Putting the Common Housefly onto the dinner plate
Ontario OR (SPX) May 13, 2011
A continuous, self funded research effort begun in Oregon in 1975 has resulted in a mature system for the intensive farming of Musca domestica, the Common Housefly. Fly Farm Systems has a patent pending on the techniques and apparatus of its proprietary insect husbandry system. The firm is seeking to license partners for application world wide.
The firm's insectary grow beds commonly yield seventy pounds of clean larvae per square foot per year. A variety of organic materials and agriculture wastes can be used as grow medium.
Among possible setups this system can be utilized as part of a cleansing cycle for poultry barns.

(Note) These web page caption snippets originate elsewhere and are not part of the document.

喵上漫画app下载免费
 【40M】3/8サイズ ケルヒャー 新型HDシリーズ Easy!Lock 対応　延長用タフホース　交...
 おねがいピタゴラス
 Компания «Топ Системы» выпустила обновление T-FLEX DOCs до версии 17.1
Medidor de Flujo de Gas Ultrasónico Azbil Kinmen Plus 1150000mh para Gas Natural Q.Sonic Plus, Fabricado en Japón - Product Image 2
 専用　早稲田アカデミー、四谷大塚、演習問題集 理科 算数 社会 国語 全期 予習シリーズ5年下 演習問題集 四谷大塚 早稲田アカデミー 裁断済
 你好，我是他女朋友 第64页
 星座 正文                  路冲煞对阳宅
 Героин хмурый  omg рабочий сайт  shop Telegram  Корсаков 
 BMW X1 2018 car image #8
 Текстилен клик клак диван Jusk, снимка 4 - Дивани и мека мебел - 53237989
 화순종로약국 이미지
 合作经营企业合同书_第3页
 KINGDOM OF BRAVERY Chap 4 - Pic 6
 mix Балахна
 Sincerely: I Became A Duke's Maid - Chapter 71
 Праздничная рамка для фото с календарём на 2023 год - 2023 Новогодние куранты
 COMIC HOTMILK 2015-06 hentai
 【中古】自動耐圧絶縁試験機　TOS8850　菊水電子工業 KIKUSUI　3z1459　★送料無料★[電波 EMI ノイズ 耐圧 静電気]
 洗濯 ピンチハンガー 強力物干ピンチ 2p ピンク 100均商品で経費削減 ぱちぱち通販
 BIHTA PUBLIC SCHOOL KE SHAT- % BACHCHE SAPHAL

Both the spent growth medium and the fecal wastes of the insects themselves have application as fertilizer. Recent developments allow for greatly increased production over earlier laboratory scale yields.
Our associated firm, Oregon Feeder Insects Corporation, has for twenty five years developed food products for avian and aquatic use in private and public animal collections. Institutional applications have supported nerve and optical studies, water absorption in farmed fish, and pollination.
Potential applications also exist in fine oils and cosmetics. Our various insect based diets or supplements are used in wildlife rehabilitation, cage bird propagation, wild bird food and, most recently, all natural (not organic) poultry boosters, mimicking free range diet, to enhance egg production and quality. The various applications have utilized live, dehydrated and frozen larvae and pupae either whole, ground, pelleted and liquefied.
Initial palatability experiments point to a successful application in human nutrition. Early efforts in this direction have been limited to novelty foods. Processing the large volumes of insect material that will become available will allow for many human food applications. Musca domestica will be grown and harvested for human food on Mars long before any traditional livestock will be attempted on that planet.
Until then, in its position as the most productive agricultural process known, the culture and utilization of this insect holds real promise in relieving pressure on traditional animal based nutrient resources and wild populations on Earth.